Westport Beach in Kintyre, Credit: Wild about Argyll
Getaway to glorious Gigha
Sitting three miles west of Kintyre, community-owned Gigha is a gem of an island. It’s just seven miles long by a mile and a half wide, so is perfect for a day’s walking. Enjoy the peace, quiet and wildlife – and the many white sandy beaches that dot the coastline. Don’t forget to visit Achamore Gardens, which is home to a host of rare plants.
Achamore Gardens on the Isle of Gigha, Credit: Achamore Gardens
Bike Beinn Ghuilean
Beinn Ghuilean is a beautiful wooded hill overlooking south of Campbeltown which has some fantastic mountain bike trails, and walks for all abilities, with roughly 4 miles of trails and takes approximately 2.5 hours to complete. The climb is well worth the effort, when you reach the viewpoints looking over to Davaar Island. There is lots of added opportunities to spot some beautiful bounds of nature and the wonderful woodlands wildlife.
Trig Viewpoint on Beinn Ghuilean, Credit: Derek Tootill
Take a walk on the wild side
Largiebaan Scottish Wildlife Trust Reserve covers a four-mile strip on the southern tip of Kintyre. With bog and heath, as well as patches of acid grassland and native woodland, it’s a fabulous habitat for wildlife. Breeding seabirds perch precariously on the cliffs, arctic-alpines sprout through the scree and orchids and other wildflowers flourish on the slopes. Enjoy a spectacular panorama of the Atlantic and look out for golden eagles and feral goats.
Largiebaan Wildlife Trust, Credit: Wildlife Trust Scotland
Turn your eyes to the sky
Kintyre is famous for its star gazing. On a clear night, the canopy of stars will take your breath away. The Argyll Hotel at Bellochantuy is a Dark Sky Discovery Site. As well as having uninterrupted panoramic views of the night sky out over the western Atlantic, there’s also very little light pollution. Star-gazing from the hotel's outdoor viewing areas is an experience that will stay with you forever.
Dark Skies in Argyll, Credit: Raymond Rosie Photography
Bird Watching at Machrihanish
Be bewitched by birds at the Machrihanish Sea Bird and Wildlife Observatory.
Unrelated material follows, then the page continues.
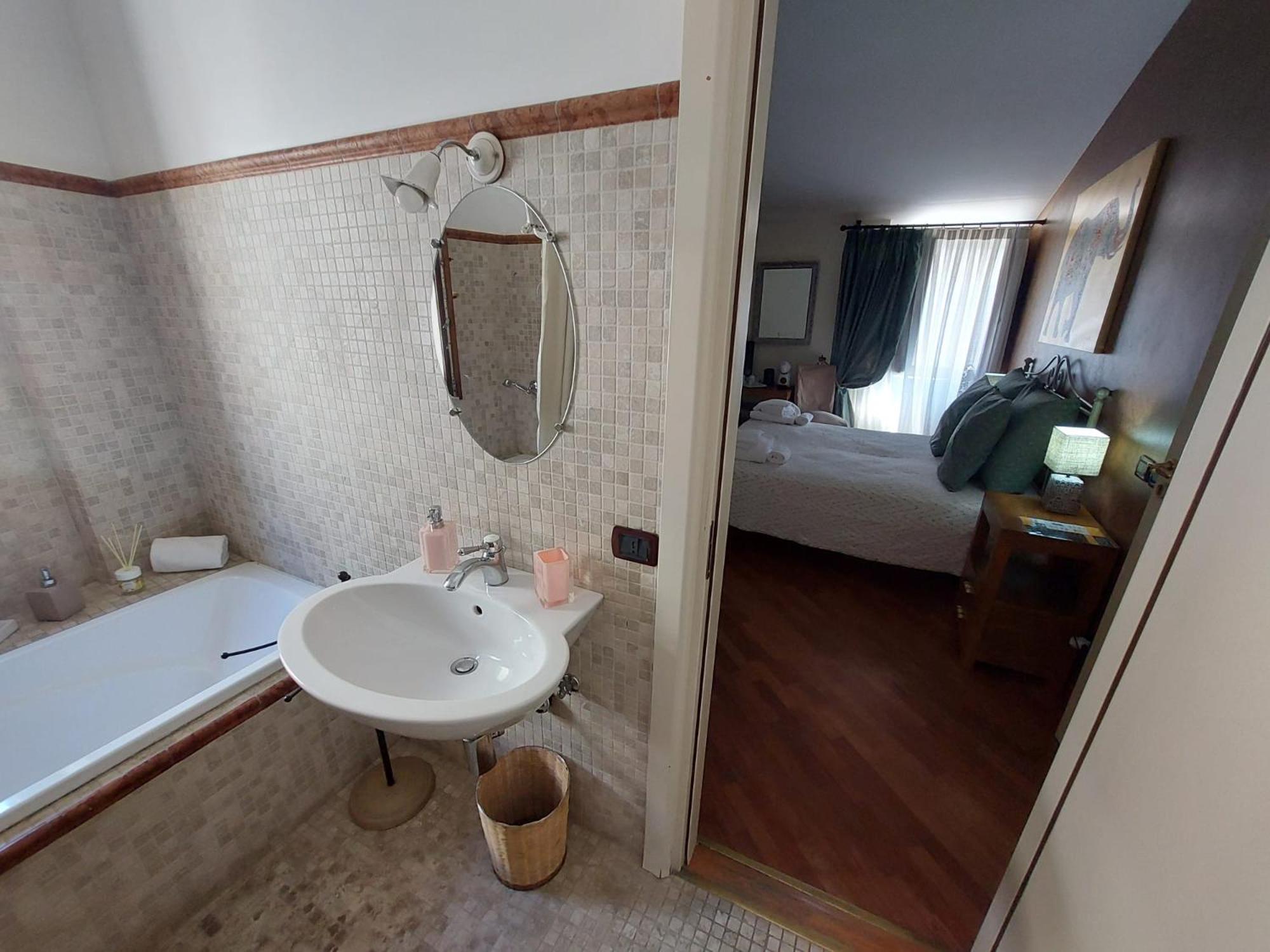 B&B Il Grifone Джоя дел Коле Екстериор снимка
Watch all sorts of seabirds, including Leach's Petrel, Balearic Shearwater, Grey Phalarope and Sabine's Gull, from the purpose-built hide overlooking the Atlantic.
Eagle soaring in the Kintyre sky, Credit: Wild about Argyll
The Kintyre Way
The Kintyre Way is a fabulous means to discover the area’s natural wonders. Stretching from Tarbert in the north to Machrihanish in the south, this 100-mile route takes you to hidden coves, deserted beaches, woods & forests, castles and fishing villages and an abundance of wildlife. From Kintyre, you’re well placed to explore other parts of Argyll, with ferry crossings to Cowal, Islay and Gigha. It’s an easy drive to the natural and historic wonders of Kilmartin Glen.